Higgy's up for it, but his fate mirrors Newcastle United's season. Having started his evening at one this afternoon, he's peaked too early. We lose him shortly afterwards somewhere on the way to the infamous Bigg Market or "Gazza Strip". The Bigg Market is as close as you can get to Benidorm without boarding a plane; nowhere else matches that live-for- the-minute hedonism.

The jokes are true. There are bouncers on the curry houses. You have to queue for each of the countless bars. The girls wear as little as possible, even in bitter winter. It is an offence to venture out with a coat. Smuff wore a leather jacket and suffered a night of heat exhaustion and piss- take.

But it's commonsense, not Geordie machismo, that dictates these rituals. The bars boil with heat, each crammed with young people who drink, laugh and dance under the flashing lights and "no dancing" signs. Martha's, the most popular hot spot, takes up to pounds 18,000 a night. You only have one drink in each bar so the queues move quickly and offer the chance to chat up the opposite sex without having to shout. Lads and lasses fill the streets, moving the few yards from bar to bar.

We push our way to the front of the queue at Yel!, smile our way past the bouncers and troop down stairs. Inside, the bar staff wear even less than the punters and an effervescent DJ works the crowd with a dexterity Mussolini would have been proud of. Girls fight to climb on to a platform and "wiggle-wiggle-wiggle" with him. "Lucky bastard," says Pete.

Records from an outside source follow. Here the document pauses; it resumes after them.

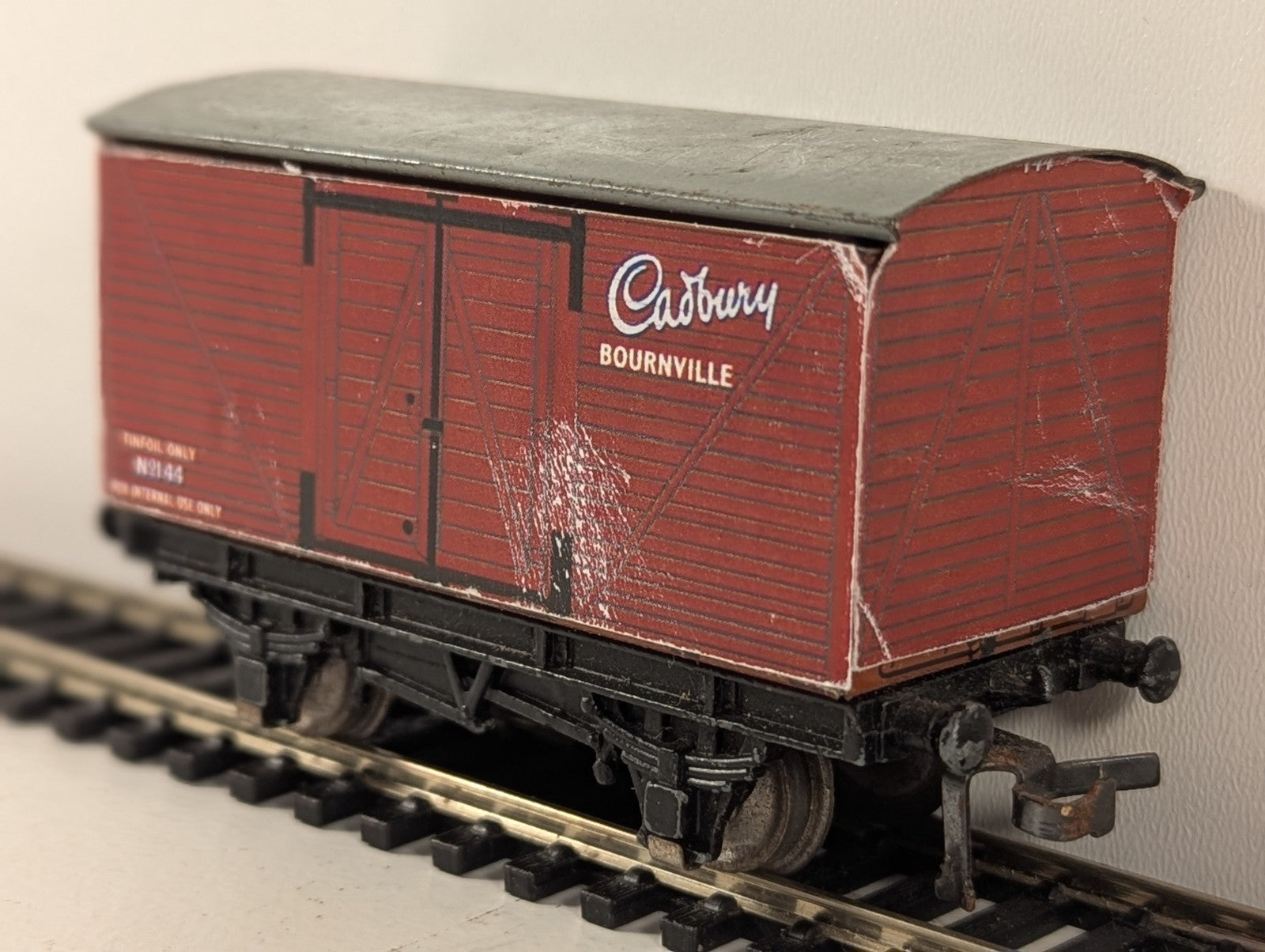 Hornby OO Gauge Cadbury Ventilated Box Van – Scratched Decal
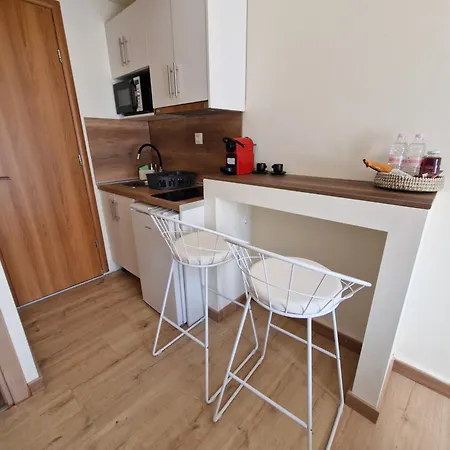 Closer Premium 1 * Salonic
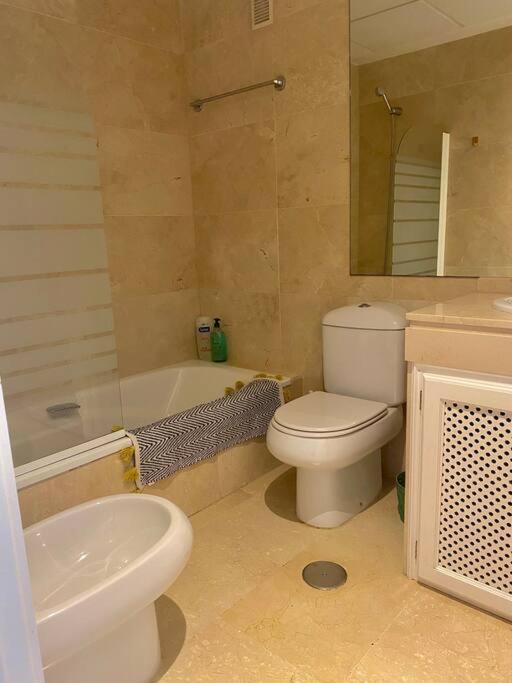 Shanti Sea View Apartment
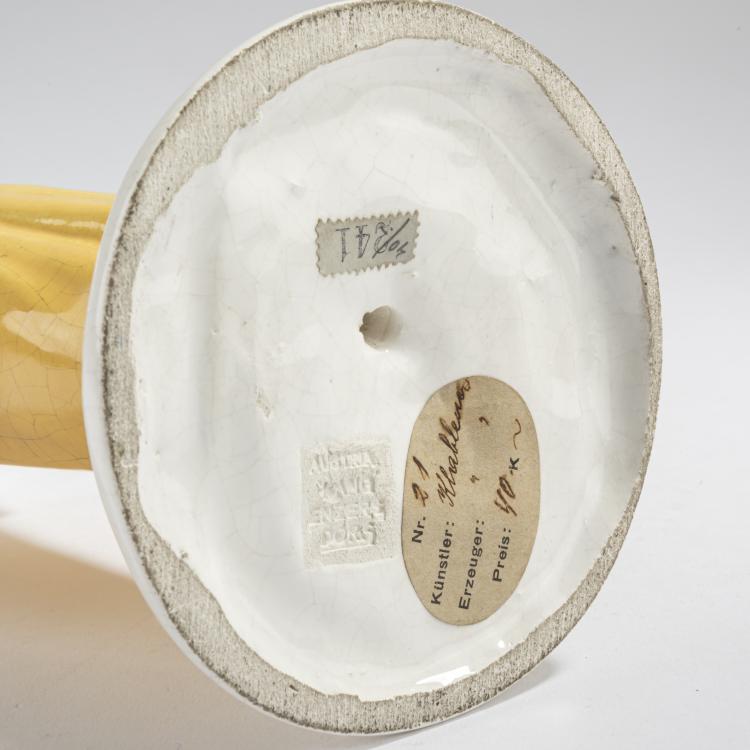 Bild 5 zu Objekt, 'Lady standing with fur', 1913/14, Eduard Klablena, Langenzersdorf, 162C 490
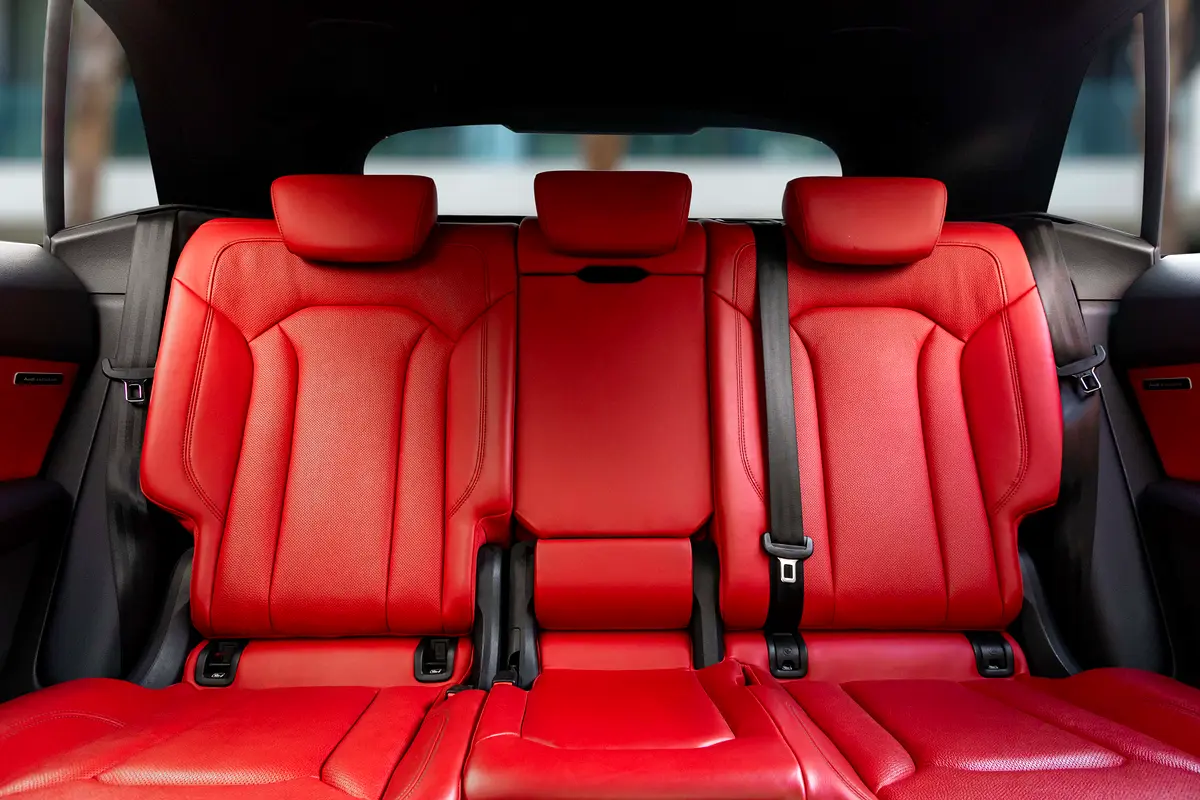 AUDI Q8 55 TFSI quattro S line 2023 - photo 12 - Import Émirats | International Cars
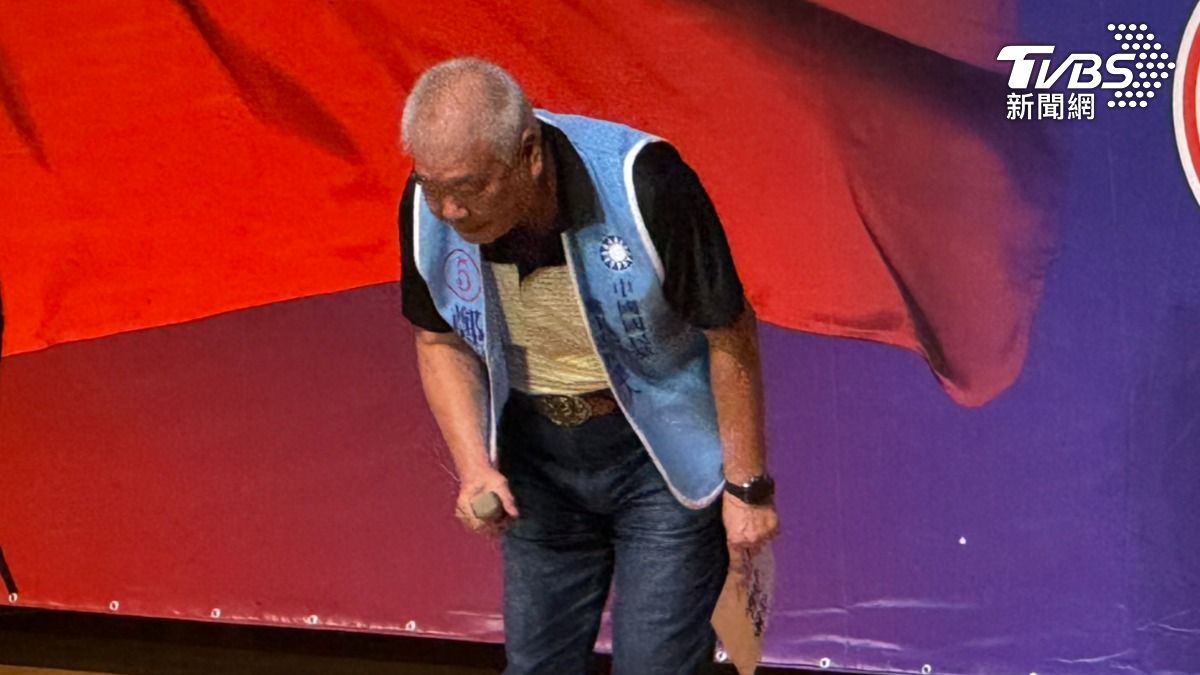 季麟連為失言鞠躬道歉。（圖/陳怡潔攝）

Our hen party count for the night is six. The ones from Newcastle are in home-made outfits and tissue hats, others are from Glasgow, Edinburgh and Leeds, reflecting the big-night-out reputation that the city now possesses. Tom the photographer has his genitals squeezed and a couple of girls jot their names down on my notepad. Dean grabs it and heads off into the fray: "It's a fanny-magnet man!"

Several bars later we head for "the boat", the huge floating club moored under the Tyne Bridge. Its revolving dancefloor and starboard list prove as stern as a marines' admission test if you've had one pint too many. The sight of the queue sends us back to town.

Never mind. The night finishes with Dean stripped stark naked in front of St James's Park and a couple of the lads exchanging kebab-flavoured snogs with last-dance specials.

"You two sisters?" enquires Mick the Mackem.

"Aye."

"See you left Cinderella at home then." Romance.

"Been a quiet night," the cabbie says on the way home. Why did I ever leave?